Beyond the Shelter – Understanding the limits and potentialities between emergency and endurance in Refugee Camps in Germany

Period: 2020-2025
Funding: Deutsche Forschungsgemeinschaft DFG

This research aims at looking at the impact of spatial dimensions in the integration of refugees living in refugee shelters in Berlin. To develop this debate, it is important to critically approach the term integration. Since the 1970s, the socio-political discussions in Germany have been strongly influenced by a conservative concept of integration. This is based on the idea that there is an established core society to which people with migration biographies must unilaterally adapt. According to this logic, traditional integration policy tries to eliminate deficits among migrants. Obstacles to integration are preferably seen in the cultural or religious differences or in the person of the migrant, not in the conditions of the host society (Weiss et al. 2019). The socio-spatial context is considered to play a significant role in the integration process of immigrants and refugees (Soederberg 2019). Refugee shelters in Berlin have very strict rules regarding spatial transformation – even when related to internal transformation of the housing units. Despite that, refugees manage to perform small transformations to create a sense of home and belonging (Steigemann and Misselwitz 2020). These spatial interventions are attempts to dwell (Dalal 2022) and are also connected to the inefficacy of the Berliner state to integrate refugees into the housing market.
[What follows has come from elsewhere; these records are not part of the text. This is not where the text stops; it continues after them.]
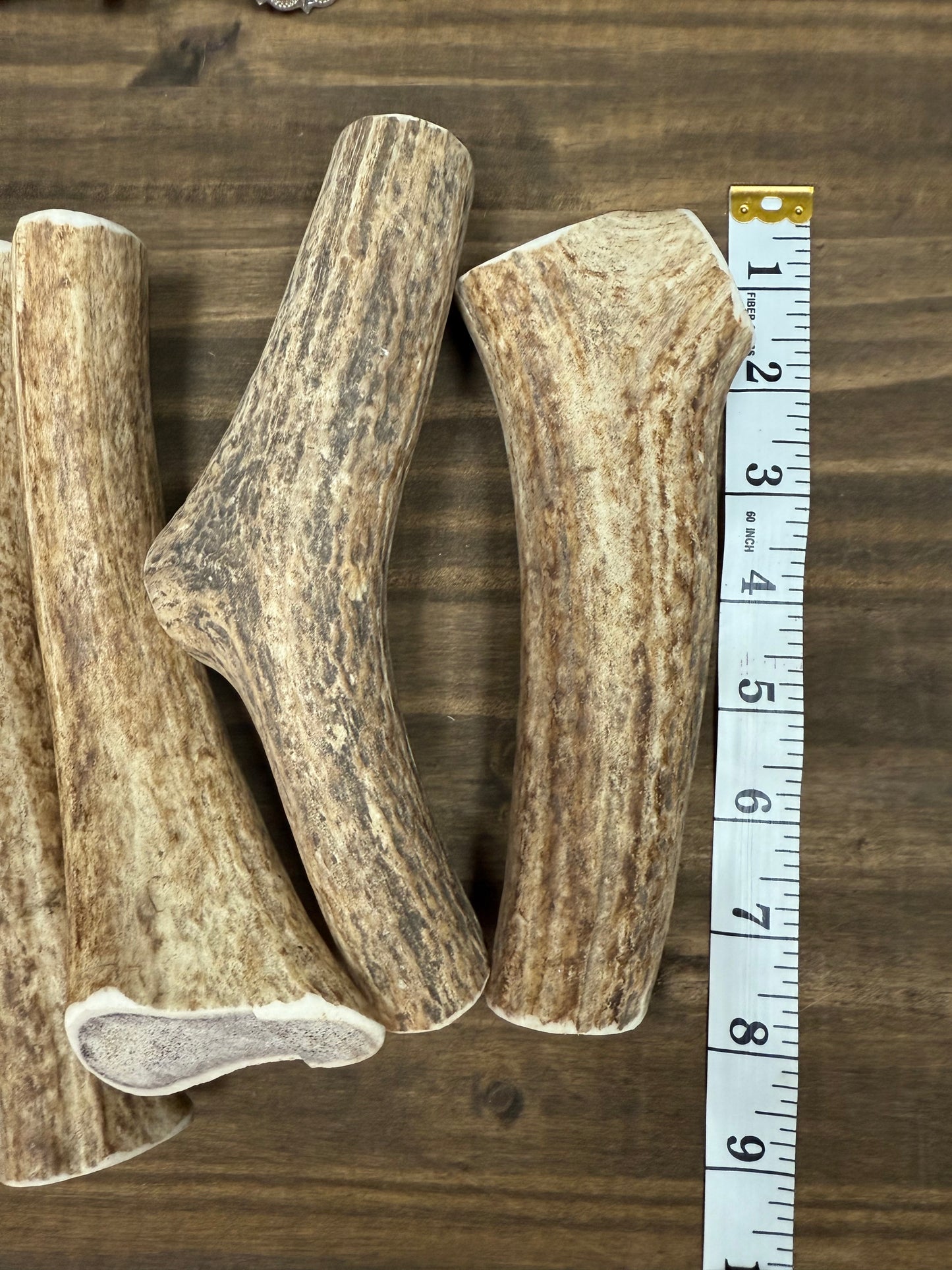 Wyoming Elk Antler Dog Chews – Naturally Shed & Hand-Prepared
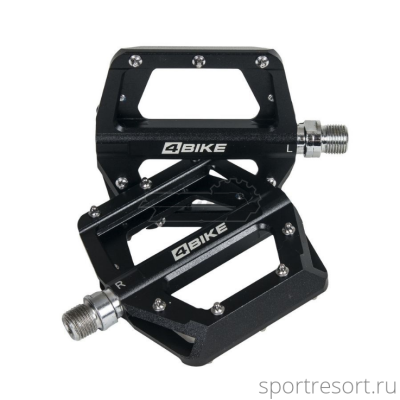 Педали 4Bike K313 Black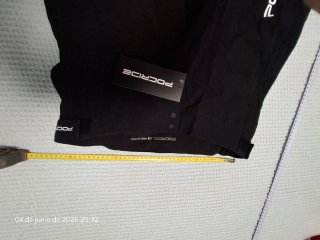 Pantalón Enduro MTB POC RIDE Nero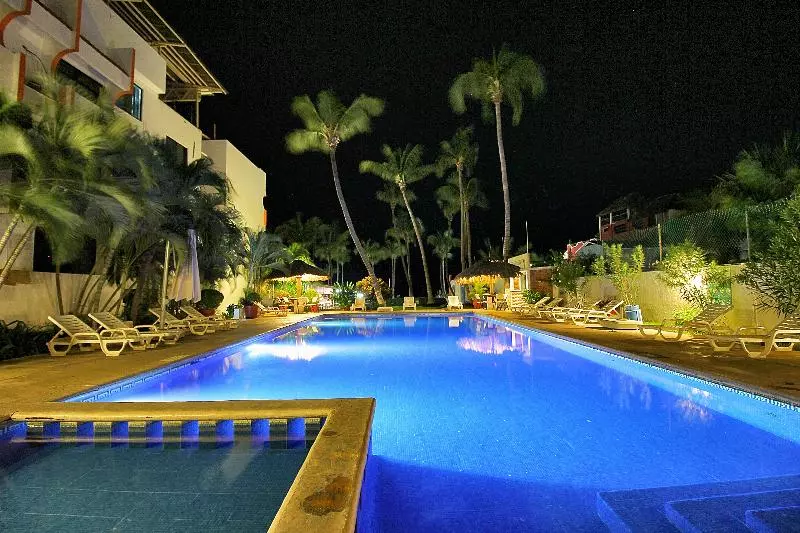 Fotos del hotel Surf Olas Altas:  11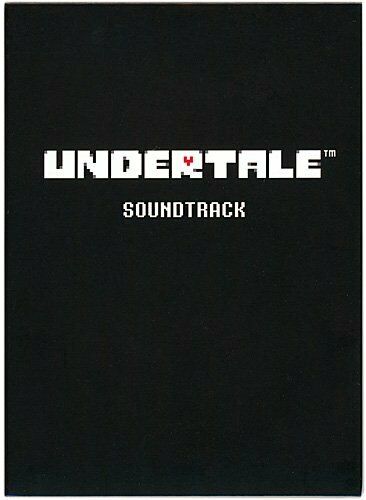 L*y様 Undertale Soundtrack 8BIT-8048 未開封 B0776LX54T_1.jpg
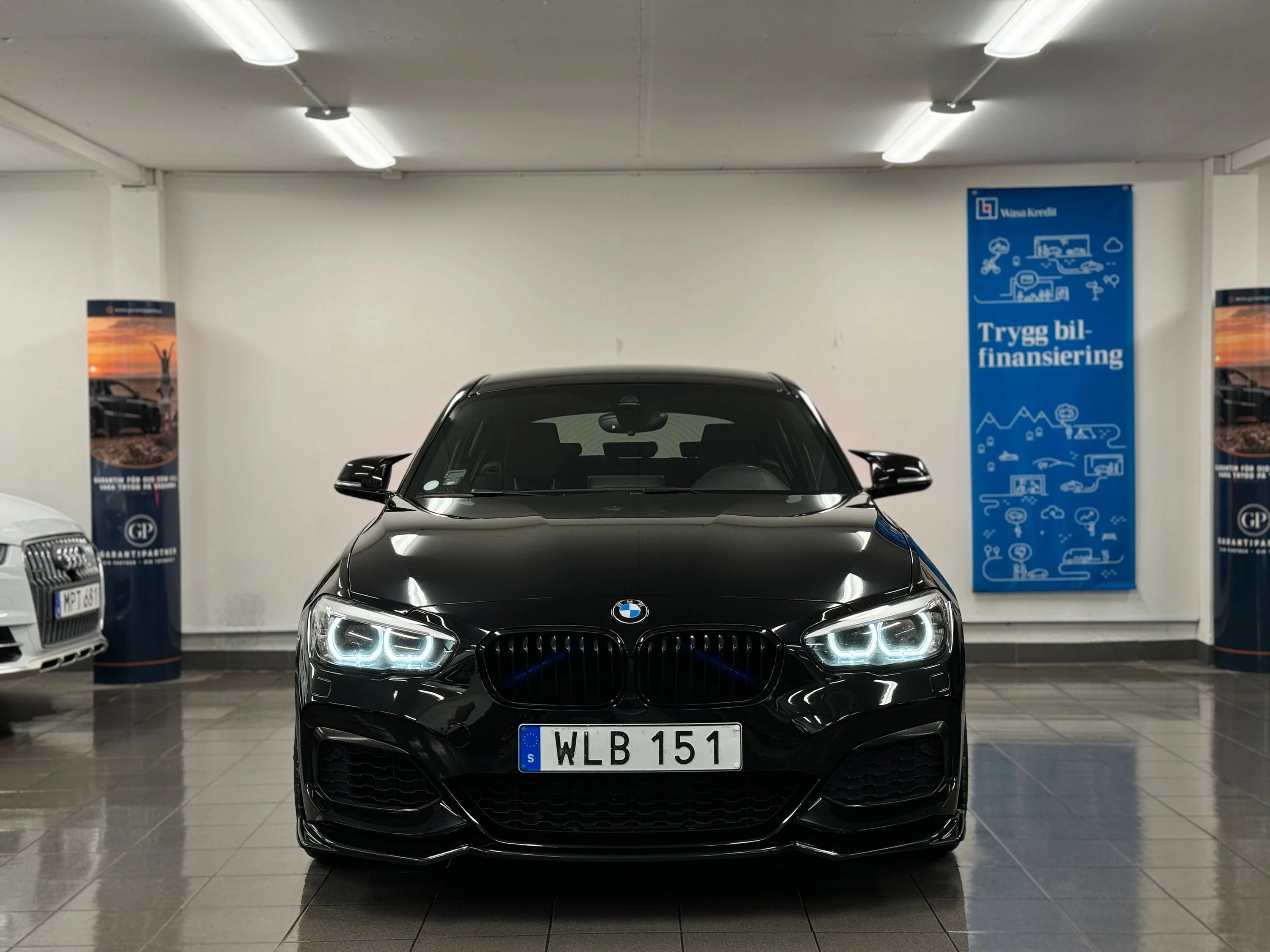 BMW M140i xDrive 5-door Steptronic, 340hk, 2018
In a city like Berlin, where gentrification and privatization of public housing stock had a major impact on housing affordability (Holm 2014), the access to housing—and the social-spatial impact of not accessing it—unfolds as a central issue for refugees. Through collaborative research tools, elaborated through previous experiences in informal settlements in Brazil and earlier phases of this project, I aim to explore the views and narratives of refugees in Berlin shelters regarding their past, present, and envisioned living environments.